Alors que la Russie, alliée de Bachar al Assad, dénonce une manipulation et affirme n'avoir trouvé "aucune trace de d'utilisation d'agents chimiques" à Douma, dernière poche de résistance rebelle de la Ghouta orientale désormais sous le contrôle des forces gouvernementales syriennes, la France affirme le contraire.

"Nous avons la preuve que la semaine dernière, (...) des armes chimiques ont été utilisées, au moins du chlore, et qu'elles ont été utilisées par le régime de Bachar al Assad", a dit Emmanuel Macron sans plus de précisions.

"ESCALADE"

Il a toutefois ajouté qu'une décision serait prise "une fois que nous aurons vérifié toutes les informations" avec l'objectif d'"enlever les moyens d'intervention chimique au régime".

Les équipes américaine et française "travaillent très étroitement" en ce sens, a-t-il indiqué.

Le président français a assuré qu'il gardait également le contact avec le président russe, Vladimir Poutine, qui a mis en garde contre "des provocations et des spéculations" et appelé au "bon sens" face à un théâtre mondial "de plus en plus chaotique".

Emmanuel Macron lui a répondu en affirmant que la France ne participerait à aucune "escalade" mais qu'elle ne pouvait laisser impunis "des régimes qui se croient tout permis, en particulier le pire en contravention du droit international".

"Ce que nous faisons aujourd'hui, et ce que nous serons conduits à faire en Syrie, c'est de rester sur nos priorités et d'assurer la stabilité au maximum de cette région, et donc en aucun cas la France ne laissera une escalade se faire ou quoi que ce soit qui puisse endommager la stabilité de la région."

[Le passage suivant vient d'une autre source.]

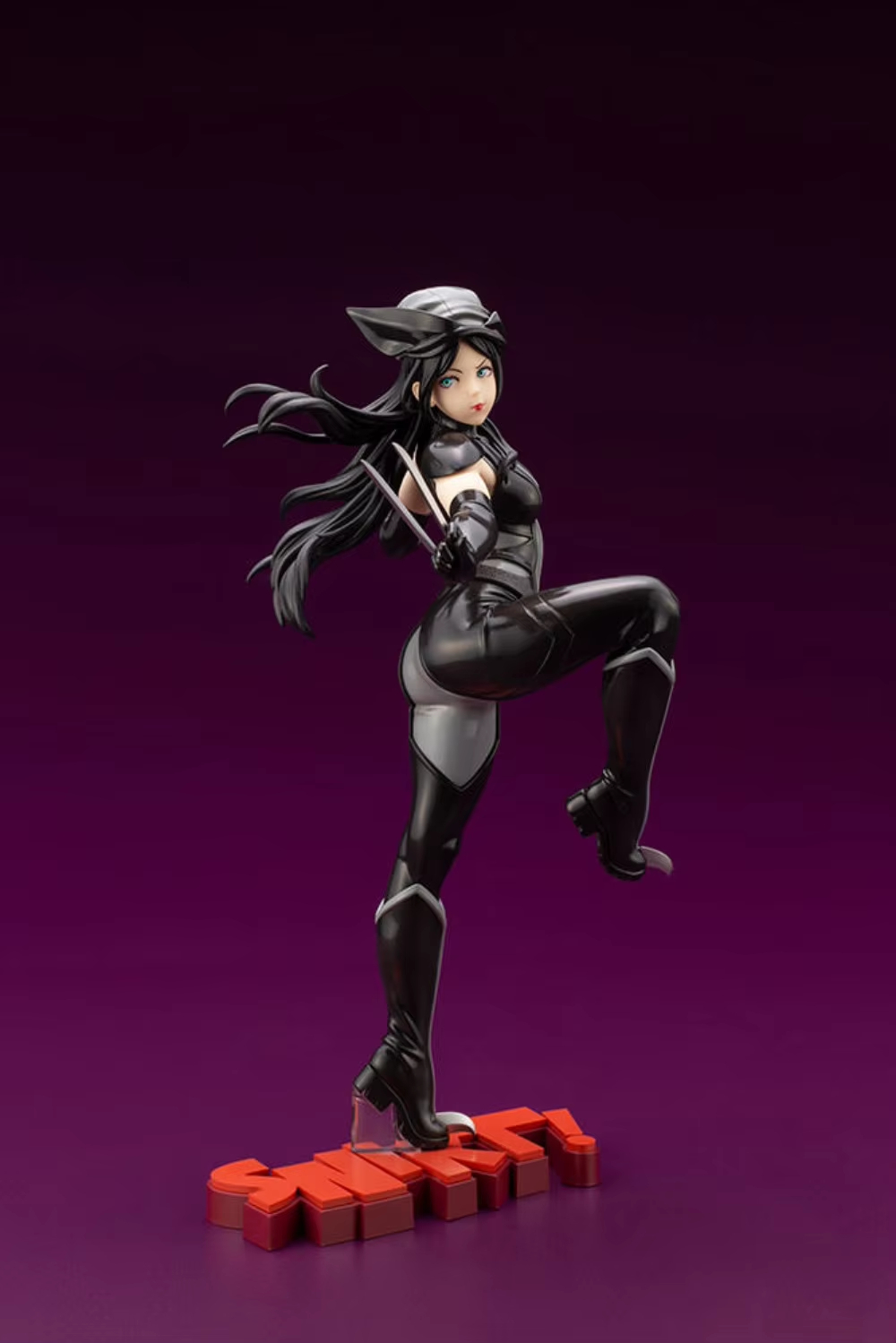 100% Original in Stock Kotobuk - đánh giá và giá Kotobukiya Bishoujo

"Les différentes guerres qui sont en train de se jouer en Syrie, en particulier celle du régime syrien de Bachar al Assad avec ses alliés contre ces rebelles, elles ne peuvent pas tout permettre. Il y a un cadre, c'est le droit international", a-t-il insisté.

L'armée française se prépare au scénario d'une intervention dans l'attente d'une décision politique, indiquent des sources militaires, qui soulignent la difficulté, à leur sens, de définir le cadre d'une telle opération. Si la décision d'une riposte militaire était prise, elle pourrait prendre la forme de frappes aériennes menées par des chasseurs Rafale, notamment basés à Saint-Dizier (Haute-Marne), dit-on de mêmes sources.

Au-delà d'une possible action militaire, qui obéirait à la doctrine des "lignes rouges" à ne pas franchir qu'il avait édictée en mai 2017, Emmanuel Macron a mis en avant l'action diplomatique de la France pour "préparer la Syrie de demain".

Paris, a-t-il répété, "continuera à la table des Nations unies de tout faire pour qu'il y ait des cessez-le-feu pour les populations civiles" et aidera les ONG pour "sortir les populations civiles".